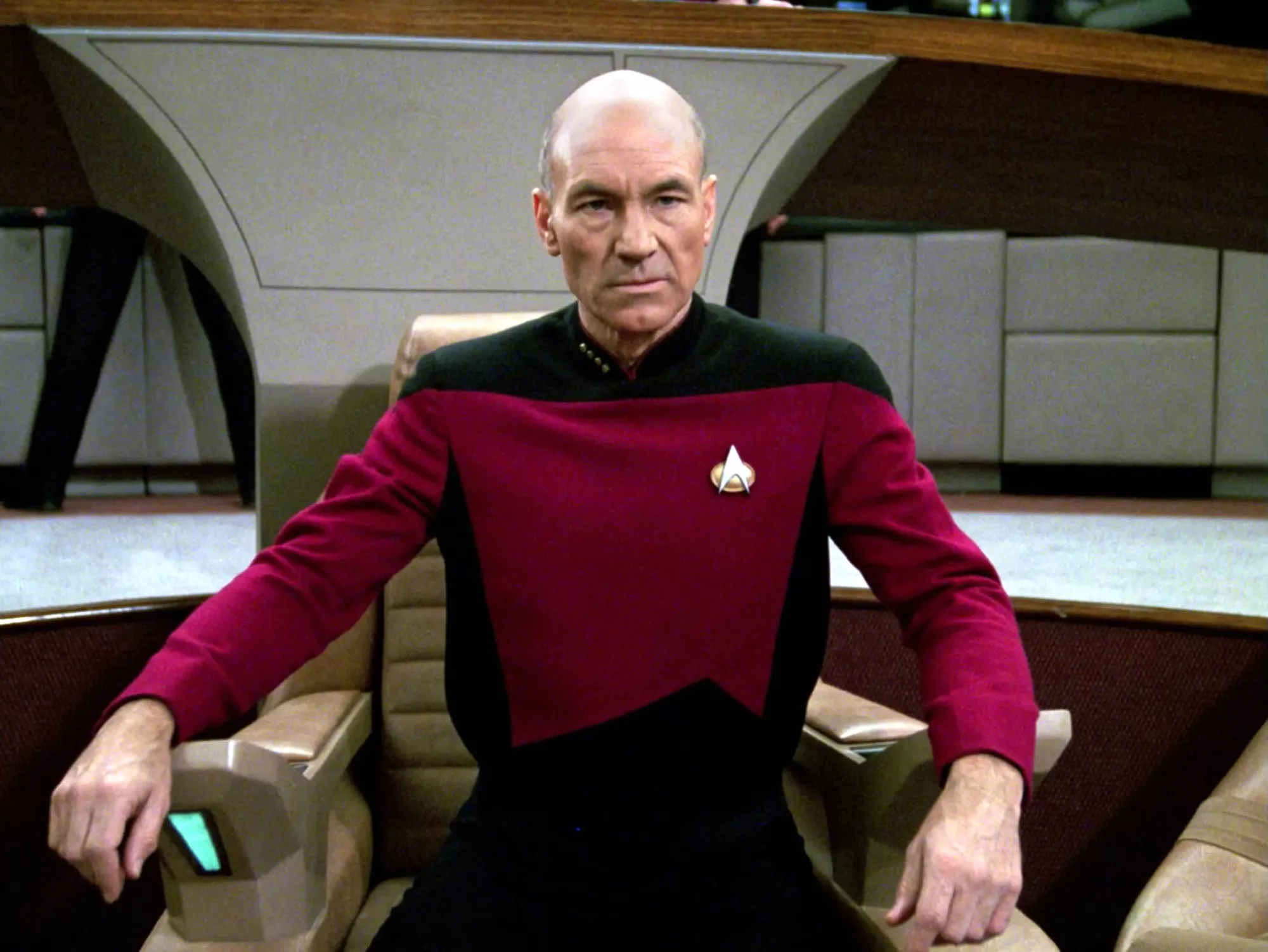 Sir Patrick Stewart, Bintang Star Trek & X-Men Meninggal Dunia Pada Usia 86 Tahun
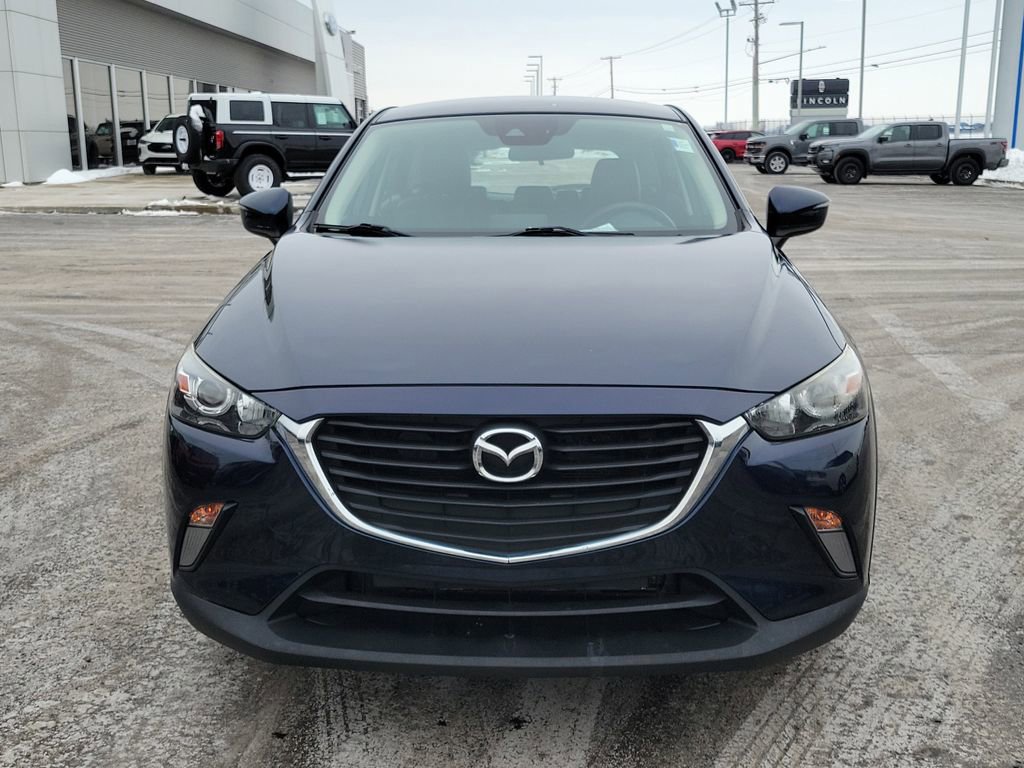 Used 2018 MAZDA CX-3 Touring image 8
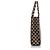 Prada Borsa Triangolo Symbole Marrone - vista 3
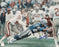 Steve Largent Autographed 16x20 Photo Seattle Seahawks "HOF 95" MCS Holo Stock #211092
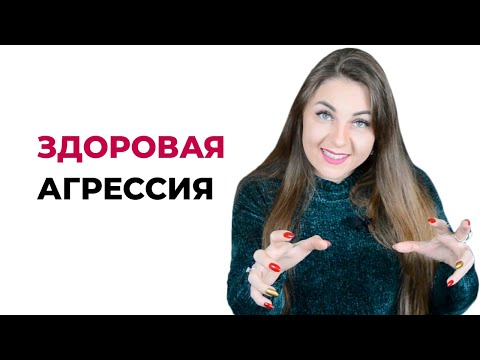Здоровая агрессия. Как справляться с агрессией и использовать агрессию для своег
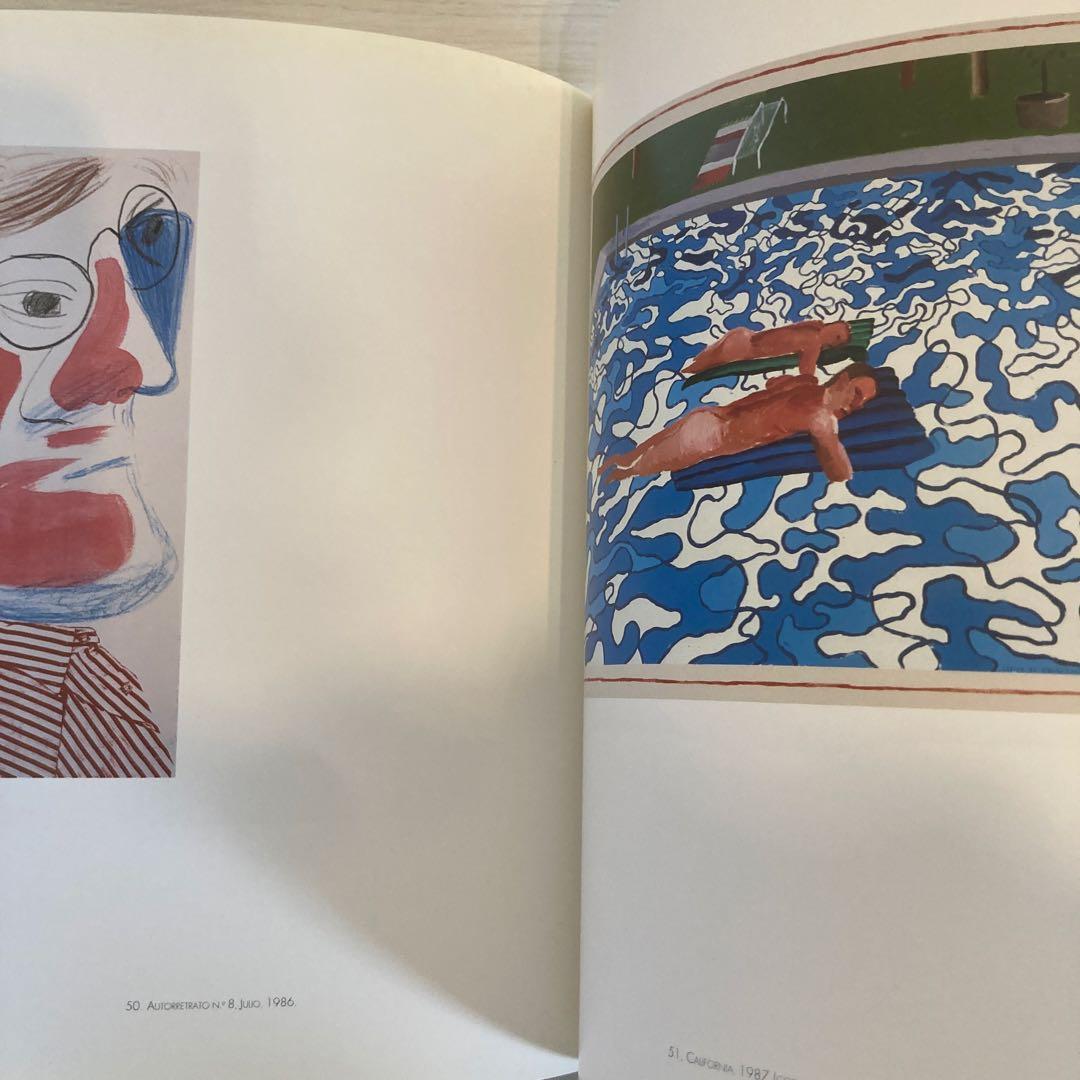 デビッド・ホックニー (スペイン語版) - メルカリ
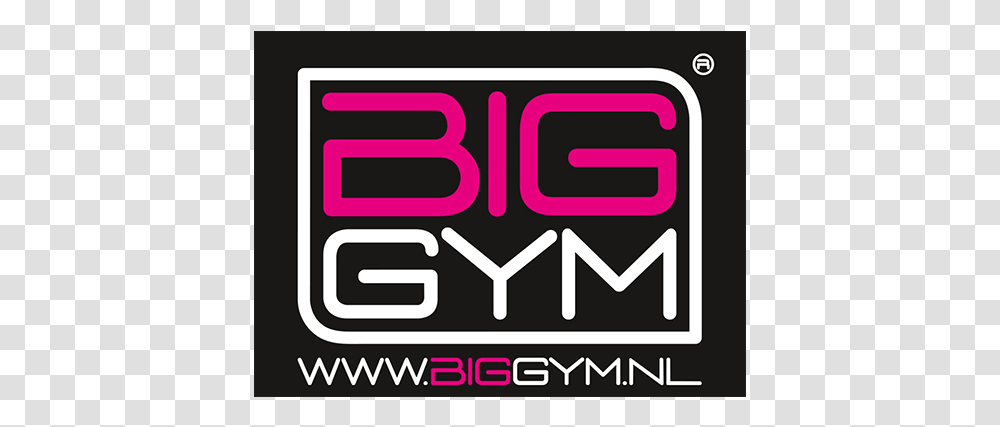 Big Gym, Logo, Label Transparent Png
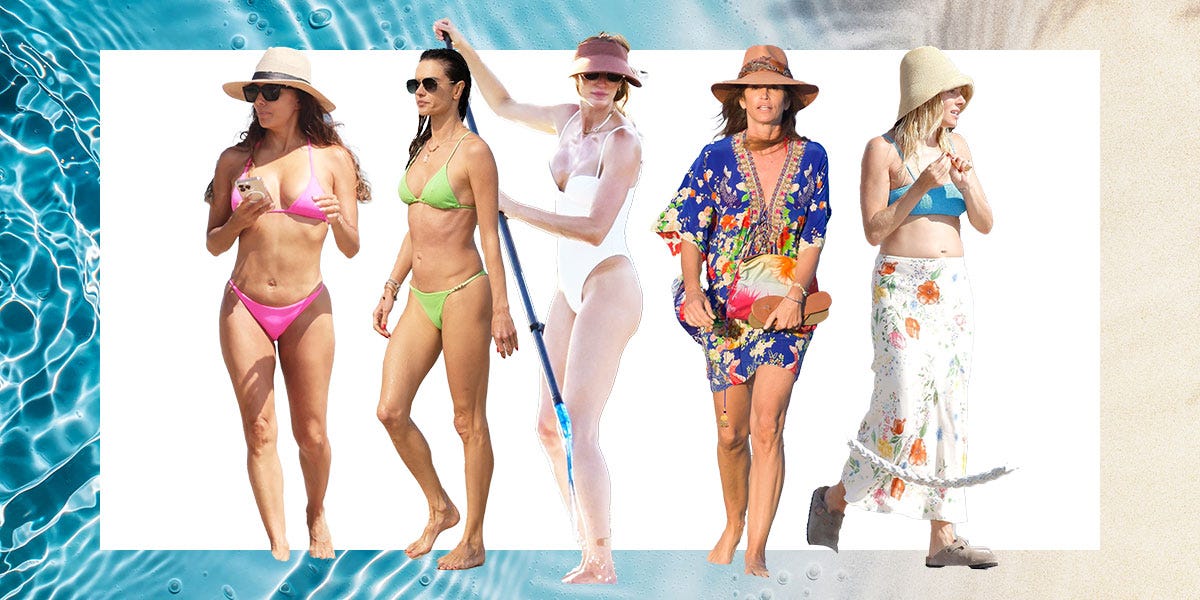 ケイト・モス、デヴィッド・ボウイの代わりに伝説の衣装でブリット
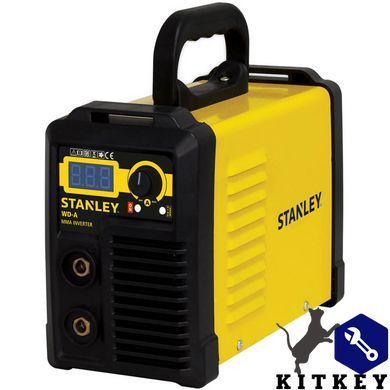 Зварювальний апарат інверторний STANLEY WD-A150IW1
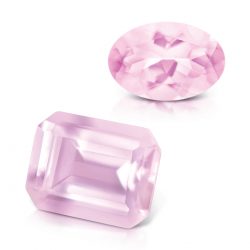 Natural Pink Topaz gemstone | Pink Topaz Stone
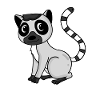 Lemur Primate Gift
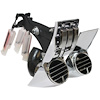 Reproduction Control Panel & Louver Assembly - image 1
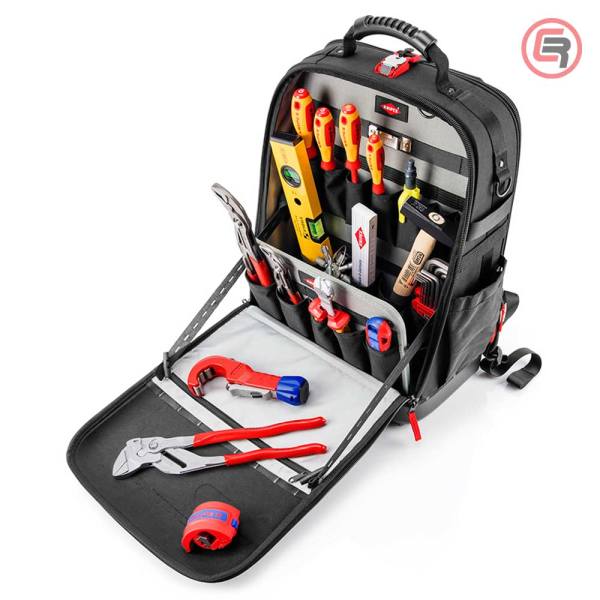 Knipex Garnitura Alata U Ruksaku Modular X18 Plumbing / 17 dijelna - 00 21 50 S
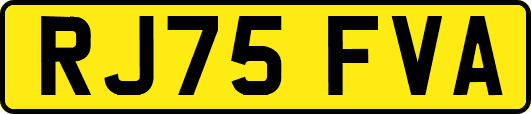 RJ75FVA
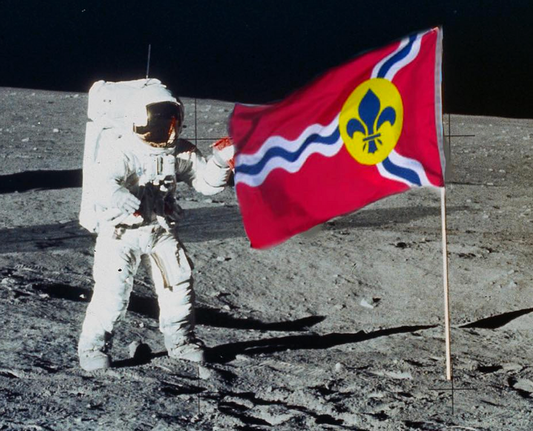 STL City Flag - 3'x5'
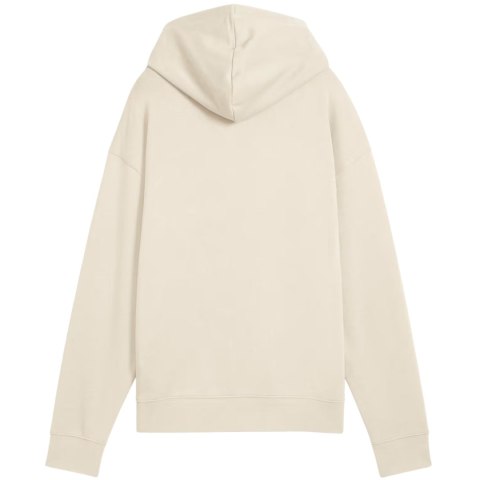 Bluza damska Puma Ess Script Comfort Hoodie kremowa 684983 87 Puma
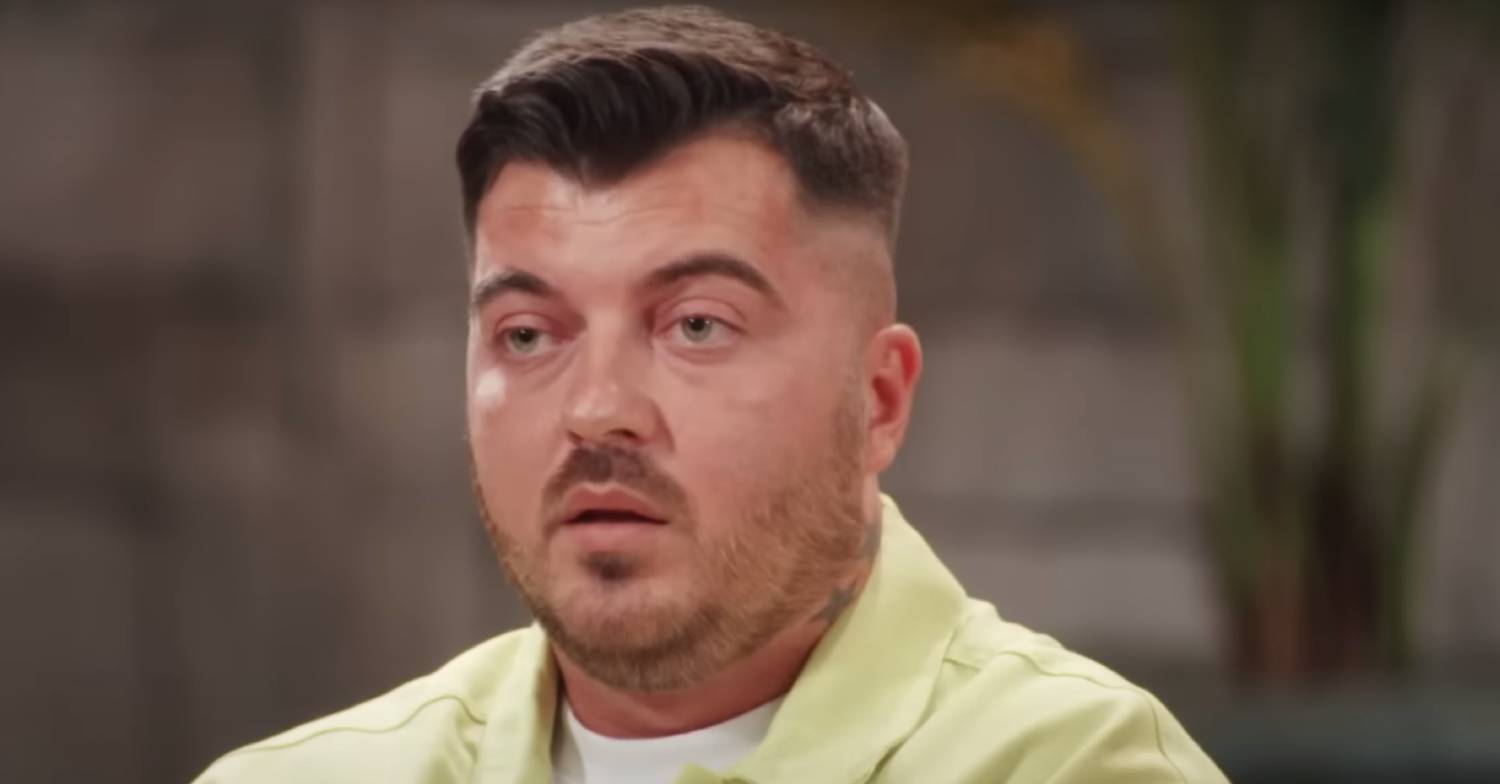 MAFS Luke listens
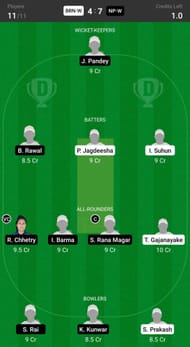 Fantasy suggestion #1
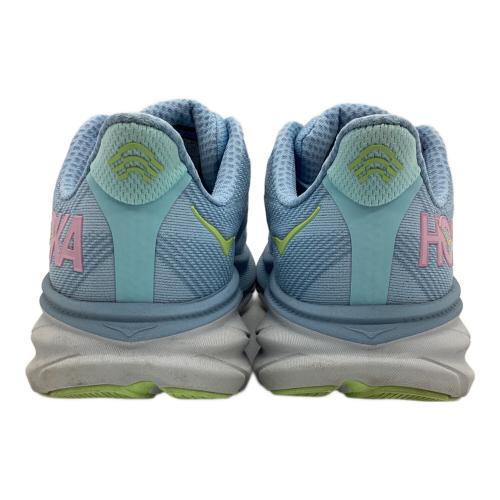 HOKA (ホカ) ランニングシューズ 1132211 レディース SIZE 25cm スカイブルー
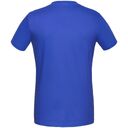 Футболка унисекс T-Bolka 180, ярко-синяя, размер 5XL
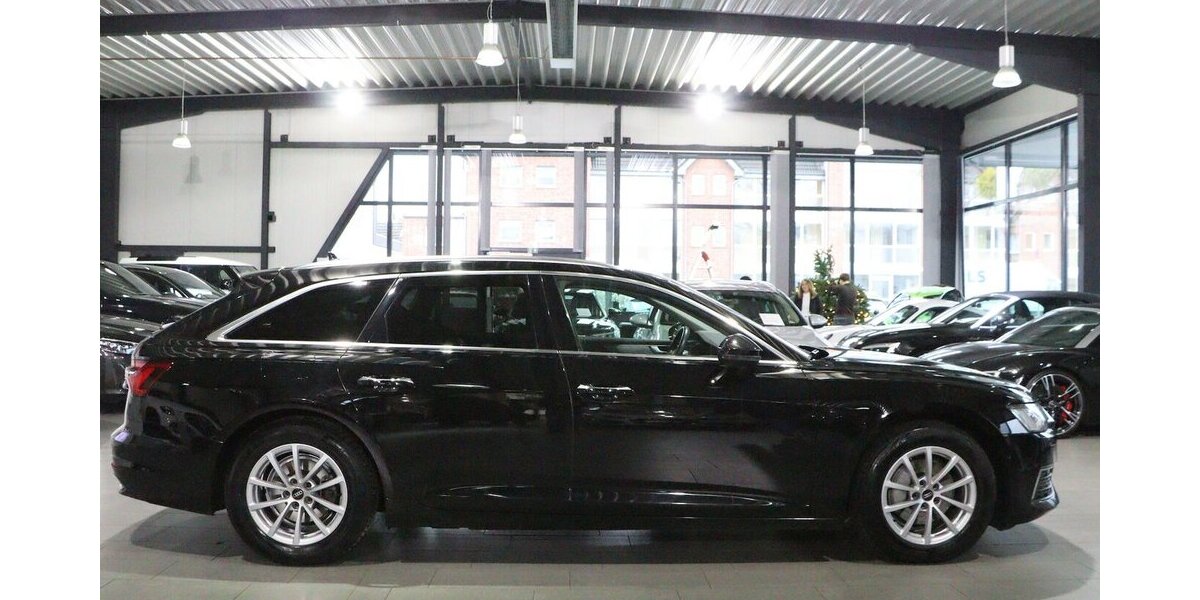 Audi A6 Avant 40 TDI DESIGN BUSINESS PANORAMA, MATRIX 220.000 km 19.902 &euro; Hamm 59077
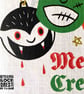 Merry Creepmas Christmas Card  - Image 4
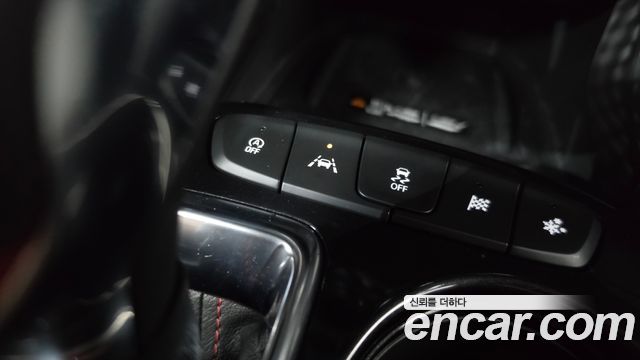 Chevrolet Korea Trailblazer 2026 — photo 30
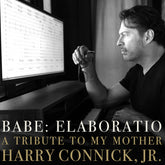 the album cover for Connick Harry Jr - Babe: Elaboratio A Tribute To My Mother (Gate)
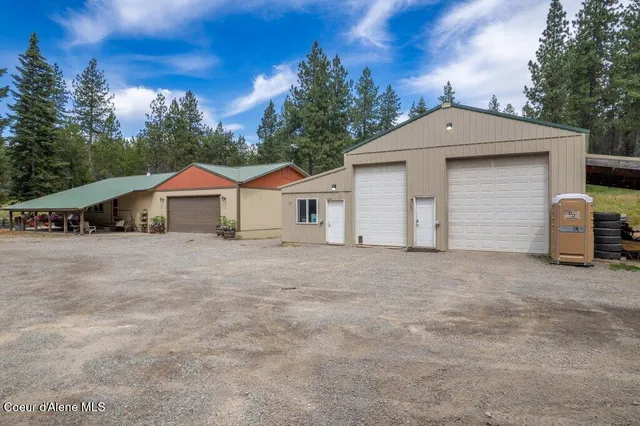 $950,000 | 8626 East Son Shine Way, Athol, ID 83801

========

TASK PROMPT
Repeat, exactly and in full, every entry in the data, but not the pictures.

SOLUTION
 Sir Patrick Stewart, Bintang Star Trek & X-Men Meninggal Dunia Pada Usia 86 Tahun
 Used 2018 MAZDA CX-3 Touring image 8
 Prada Borsa Triangolo Symbole Marrone - vista 3
 Steve Largent Autographed 16x20 Photo Seattle Seahawks "HOF 95" MCS Holo Stock #211092
Здоровая агрессия. Как справляться с агрессией и использовать агрессию для своег
 デビッド・ホックニー (スペイン語版) - メルカリ
 Big Gym, Logo, Label Transparent Png
 ケイト・モス、デヴィッド・ボウイの代わりに伝説の衣装でブリット
 Зварювальний апарат інверторний STANLEY WD-A150IW1
 Natural Pink Topaz gemstone | Pink Topaz Stone
 Lemur Primate Gift
 Reproduction Control Panel & Louver Assembly - image 1
 Knipex Garnitura Alata U Ruksaku Modular X18 Plumbing / 17 dijelna - 00 21 50 S
 RJ75FVA
 STL City Flag - 3'x5'
 Bluza damska Puma Ess Script Comfort Hoodie kremowa 684983 87 Puma
 MAFS Luke listens
 Fantasy suggestion #1
 HOKA (ホカ) ランニングシューズ 1132211 レディース SIZE 25cm スカイブルー
 Футболка унисекс T-Bolka 180, ярко-синяя, размер 5XL
 Audi A6 Avant 40 TDI DESIGN BUSINESS PANORAMA, MATRIX 220.000 km 19.902 &euro; Hamm 59077
 Merry Creepmas Christmas Card  - Image 4
 Chevrolet Korea Trailblazer 2026 — photo 30
 the album cover for Connick Harry Jr - Babe: Elaboratio A Tribute To My Mother (Gate)
 $950,000 | 8626 East Son Shine Way, Athol, ID 83801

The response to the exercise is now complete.